US poll: ‘renewables not nuclear’
US President Bush has suggested that ‘Nuclear power will help us deal with the issue of greenhouse gases... Nuclear power helps us protect the environment’, and in May the White House announced that a special working group, led by the National Economic Council, has been established to oversee the expansion of nuclear power in the United States, unofficially referred to as the nuclear accelerator working group. However, a national survey by the Civil Society Institute, a nonpartisan and nonprofit think tank, found that 61% of Americans think nuclear power is too costly and too far in the future to address climate change, and favour renewables /increased energy saving. According to the survey, 75% would be concerned if ‘nuclear power was focused on at the expense of renewable, clean and safe alternative energy solutions’ such as ‘solar, wind and other less expensive and more rapidly delivered energy solutions’.
IEER on Nuclear
The US based Institute for Energy and Environmental Research (IEER)
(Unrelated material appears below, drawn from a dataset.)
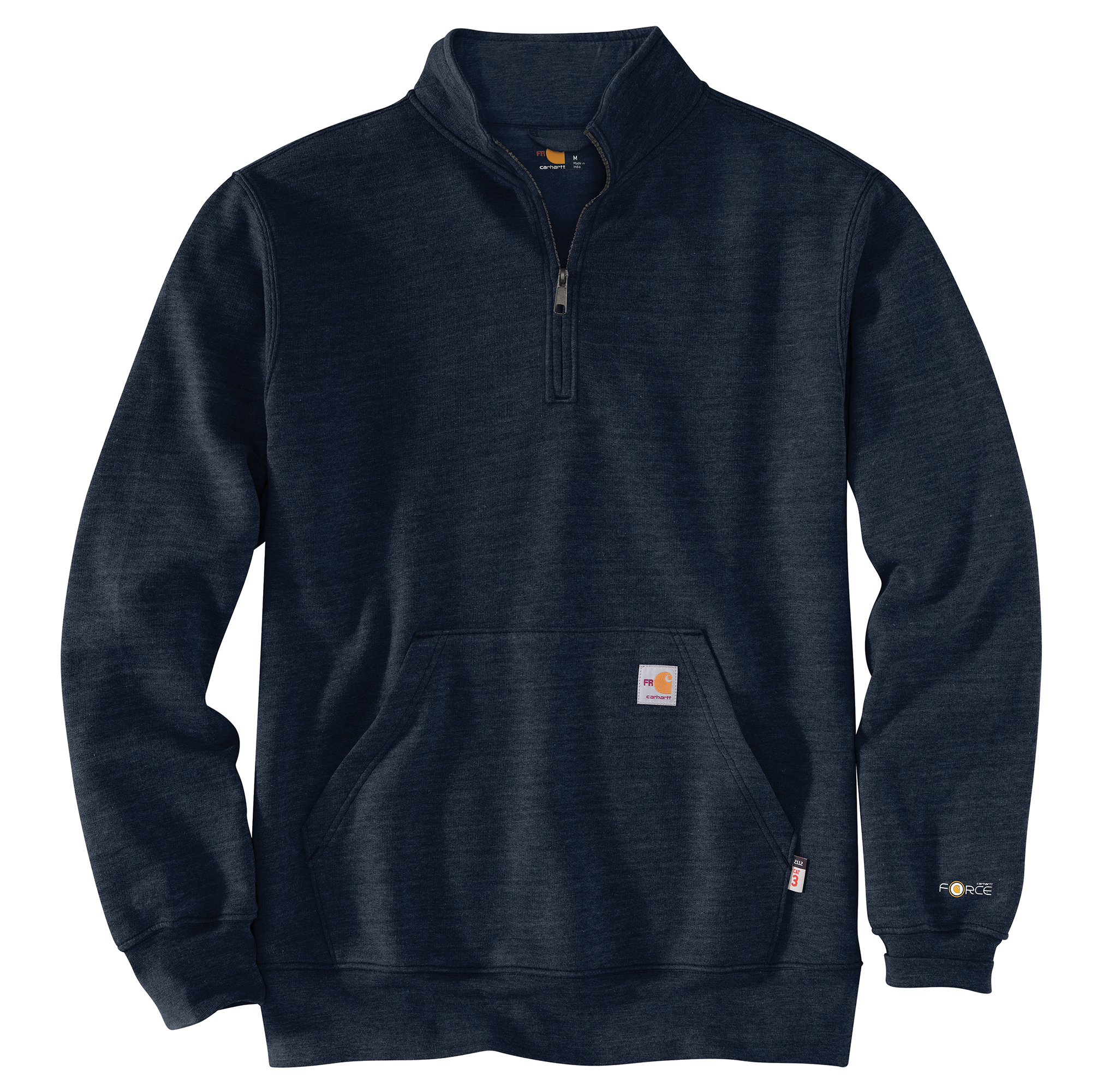 Picture of Carhartt 105028 Mens Flame Resistant Force Loose Fit Midweight Quarter-Zip Sweatshirt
has produced a very timely, comprehensive and hard hitting book on nuclear
power: ‘Insurmountable Risks: The Dangers of Using Nuclear Power
to Combat Global Climate Change’ by Brice Smith. Download the
executive summary from:
‘Fusion is renewable’
The international consortium that is to construct ITER, the $5bn International Thermonuclear Experimental Reactor, at Cadarache, S.France, involves the US, Japan, China, Russia, India, S.Korea & the EU. It is expected to be completed by 2015 and to operate for 20 years. US energy secretary Samuel Bodman said ‘As partners in ITER, we are pursuing the promise of unlimited, clean, safe, renewable and commercially available energy from nuclear fusion, which has the potential to significantly strengthen energy security, at home and abroad. Fusion is renewable; commercial fusion reactors would use lithium and deuterium, both readily available natural resources.’ The US Dept. of Energy has already allocated $25m to ITER and Bush has asked for $60m next year.